(Beginning of DATA SHOWN)

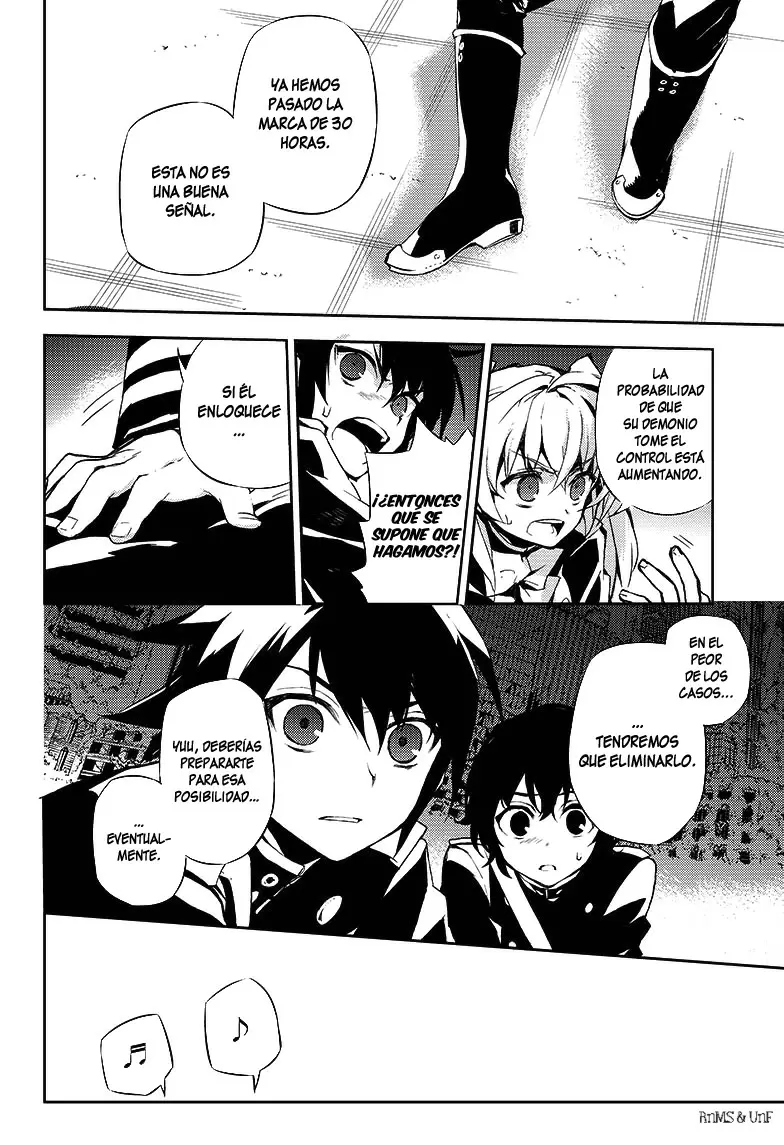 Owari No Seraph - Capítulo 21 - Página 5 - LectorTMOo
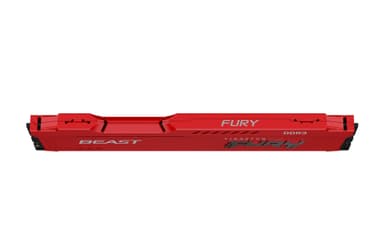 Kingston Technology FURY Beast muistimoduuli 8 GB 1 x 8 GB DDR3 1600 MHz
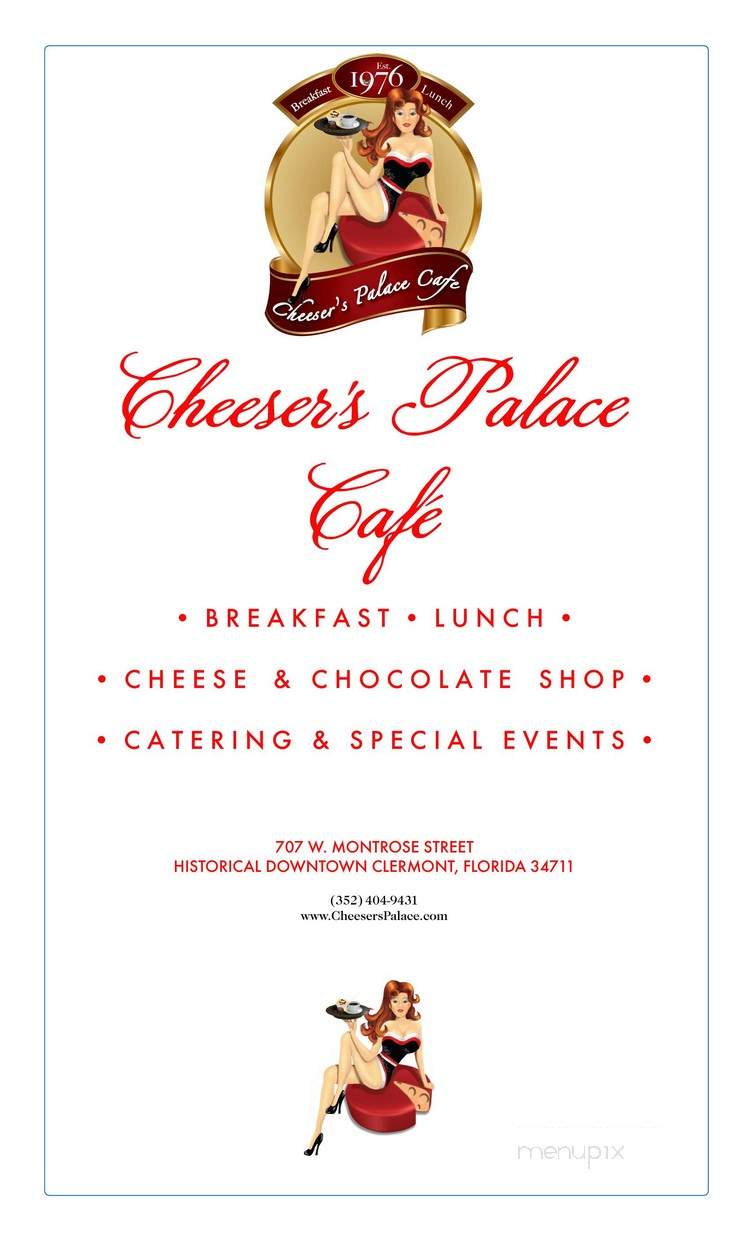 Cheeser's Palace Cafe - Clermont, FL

(End of DATA SHOWN)
(Beginning of DATA SHOWN)

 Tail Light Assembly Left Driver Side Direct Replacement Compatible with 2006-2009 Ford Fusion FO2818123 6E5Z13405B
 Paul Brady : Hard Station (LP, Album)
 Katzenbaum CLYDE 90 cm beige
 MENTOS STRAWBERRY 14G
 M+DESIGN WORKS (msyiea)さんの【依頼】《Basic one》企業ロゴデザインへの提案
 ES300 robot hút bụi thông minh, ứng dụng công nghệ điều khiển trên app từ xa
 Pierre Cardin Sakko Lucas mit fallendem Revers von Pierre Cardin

(End of DATA SHOWN)

Please return the lines above that run from the line containing "MENTOS STRAWBERRY 14G" to the line containing "Pierre Cardin Sakko", inclusive, exactly and with no other lines.

## RESPONSE
 MENTOS STRAWBERRY 14G
 M+DESIGN WORKS (msyiea)さんの【依頼】《Basic one》企業ロゴデザインへの提案
 ES300 robot hút bụi thông minh, ứng dụng công nghệ điều khiển trên app từ xa
 Pierre Cardin Sakko Lucas mit fallendem Revers von Pierre Cardin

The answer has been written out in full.